However, Chinese politics did not change. Democracy and human rights continued to be curbed. It reached a tipping point in 1989 during the Tiananmen Square massacre and the American sanctions returned.

But unlike the last century, economic warfare isn't unilateral anymore. China now has the power to respond, at least on paper. 

A case in point is Hong Kong. In August last year, the US sanctioned Carrie Lam, the Chief Executive of Hong Kong. Beijing responded with targeted action on 11 Americans. The list included Republican senators namely Marco Rubio, Tom Cotton and Ted Cruz, but these actions were toothless.

Carrie Lam does not have assets in America and the US senators do not have interests in China. So, the sanctions were symbolic with no economic impact and herein lies the problem with sanctioning leaders. Make no mistake, autocrats double up as businessmen. They have major economic interests but they rarely extend overseas for these sanctions to make a dent.

Think back to the Gulf War. Bush's White House sanctioned Saddam Hussein for six months without any effect. In the end, it took a major military offensive. 

A present-day example is Iran. Donald Trump followed the policy of maximum pressure. Crippling sanctions that throttled the Iranian economy but Tehran continues to expand its nuclear arsenal. Last week, they revealed an entire city of missiles.

The lesson one can learn here is that sanctions have unintended effects. They help galvanise public opinion. For example, American sanctions are rallying calls in Iran and North Korea. They bring the people together against a common enemy.

In this case, the US sanctions only work in a collective. It cannot be a unilateral campaign which is why the latest campaign against China is important.

The US and its European partners have sanctioned China. The walls are closing in from all sides. Beijing will most likely deepen ties with existing allies such as North Korea, Russia, Pakistan and Turkey. 

Sanctions are a pinch, not a purge. There is a limit to what government action can achieve. However, what about private businesses?

It's a globalised world and Companies have interests all over the world.

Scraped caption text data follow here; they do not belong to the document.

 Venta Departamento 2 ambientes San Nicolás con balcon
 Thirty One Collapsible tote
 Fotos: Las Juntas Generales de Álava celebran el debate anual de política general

This could be a game changer in economic warfare.

Nearly 217 Chinese companies are listed in American exchanges. For dozens more, the American market is a money churner. To think of the inverse, American companies look to China for raw materials. They operate factories there and ignore the abuses endured by the workers.

The question here is that can Apple be docked for making iPhones in China? Or can Tesla be pulled up for making cars in China? Joe Biden could do it, but the companies will be livid. Years of capitalism has taught American firms to put profits over national interest.

Trump proposed taxes on American firms shifting away from the country. He was criticised for trying to stage manage the economy. However, it's different for Chinese firms. Most of them are owned at least in part by the government.

National interest is paramount, even at the cost of losses. The future of economic warfare will be decided by private companies. They can take away jobs, funding and factories from rival nations, but will they indulge home governments? If they don't, can governments force their hand?